We were first in line on the rope, but the current was too strong, so too much air had been used and people were having too much difficulty just holding on, so we skipped the 50 foot safety stop, and went to 15 feet, and waited in the garden of bubbles. Back on board, Atilla, the anti-hero, was beginning to warm up more. He complimented my equipment, which I took as complete insincerity, a surrogate for an apology for his being rude earlier. He hung off the stern chain smoking before handing me a package of peanut-butter and cheese crackers. A fair amount of time was spent discussing how other instructors misbehaved, either by lobstering while teaching, or misleading their students in conventionalities, such as the arrangement of my octopus. I wasn’t surprised; in a predominantly male hobby, competition is the lingua franca, and if you can’t be best, you undercut the rest.
The captain decided the current was too strong for a second dive, and a storm was rolling in, so we headed south and stopped at Sunkist reef. Compared to the Lady Luck, the reef was tranquil, almost boring. We came upon a green turtle tip-toed on the sand, which it lifted up and away. Atilla considered this lucky sign. I saw two lionfish, gathered under a ledge. As I put my camera into the hollow, they both opened their fins, exposing the venomous spines, but I realized that getting a spear near them would be no issue.

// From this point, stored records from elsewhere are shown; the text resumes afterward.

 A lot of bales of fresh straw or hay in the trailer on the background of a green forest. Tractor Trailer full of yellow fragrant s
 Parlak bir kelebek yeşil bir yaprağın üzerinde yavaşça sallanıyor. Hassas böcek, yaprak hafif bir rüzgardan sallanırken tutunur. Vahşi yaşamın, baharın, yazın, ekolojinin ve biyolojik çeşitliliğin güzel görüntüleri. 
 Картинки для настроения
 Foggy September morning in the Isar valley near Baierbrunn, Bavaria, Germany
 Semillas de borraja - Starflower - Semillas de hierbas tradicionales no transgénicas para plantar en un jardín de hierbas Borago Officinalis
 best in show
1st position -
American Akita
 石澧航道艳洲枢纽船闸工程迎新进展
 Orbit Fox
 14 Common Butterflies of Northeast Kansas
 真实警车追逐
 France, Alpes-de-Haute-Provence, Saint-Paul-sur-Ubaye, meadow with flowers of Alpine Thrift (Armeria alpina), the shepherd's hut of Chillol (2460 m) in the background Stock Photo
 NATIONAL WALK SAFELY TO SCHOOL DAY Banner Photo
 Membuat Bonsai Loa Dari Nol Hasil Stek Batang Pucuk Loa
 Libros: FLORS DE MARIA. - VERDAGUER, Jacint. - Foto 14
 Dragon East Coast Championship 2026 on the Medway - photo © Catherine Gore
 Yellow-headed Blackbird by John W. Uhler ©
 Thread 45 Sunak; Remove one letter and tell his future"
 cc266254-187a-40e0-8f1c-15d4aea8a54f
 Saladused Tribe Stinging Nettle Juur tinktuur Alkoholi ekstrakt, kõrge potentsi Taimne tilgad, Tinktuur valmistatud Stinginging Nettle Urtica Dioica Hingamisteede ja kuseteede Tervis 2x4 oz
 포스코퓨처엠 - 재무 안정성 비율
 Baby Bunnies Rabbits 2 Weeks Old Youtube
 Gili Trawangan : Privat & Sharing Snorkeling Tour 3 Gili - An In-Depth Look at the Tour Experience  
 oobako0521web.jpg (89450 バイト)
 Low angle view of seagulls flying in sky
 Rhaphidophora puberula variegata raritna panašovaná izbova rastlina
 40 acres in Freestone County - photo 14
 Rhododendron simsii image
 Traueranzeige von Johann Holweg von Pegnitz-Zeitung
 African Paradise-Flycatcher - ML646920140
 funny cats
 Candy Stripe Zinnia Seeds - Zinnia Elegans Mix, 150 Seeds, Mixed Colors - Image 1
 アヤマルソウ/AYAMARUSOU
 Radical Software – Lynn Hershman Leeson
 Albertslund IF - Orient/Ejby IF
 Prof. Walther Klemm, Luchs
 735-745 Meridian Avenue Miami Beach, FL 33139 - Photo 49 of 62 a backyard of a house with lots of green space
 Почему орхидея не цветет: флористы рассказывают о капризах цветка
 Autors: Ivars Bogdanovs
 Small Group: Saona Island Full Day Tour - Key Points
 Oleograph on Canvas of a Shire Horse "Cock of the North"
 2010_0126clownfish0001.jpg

We conducted two navigational exercises. Reading the compass from the side, while holding it with both hands, arms extended at eye level, and staying on a zero, or north reading, then returning on a 180-degree, or south reading, and moving in a square, rotating at 90-degrees. While deep diving is more adrenaline-inducing and pushing the limits of no-decompression diving, or even decompression diving, navigation is the intellectual pursuit on the ocean. It’s aquatic-applied math. The compass is a tool that can be used for triangulating your position on the water's surface, where no marker can be placed, direct you where nothing can be seen or calculating trajectory. Still, I didn’t see any divers using their compass.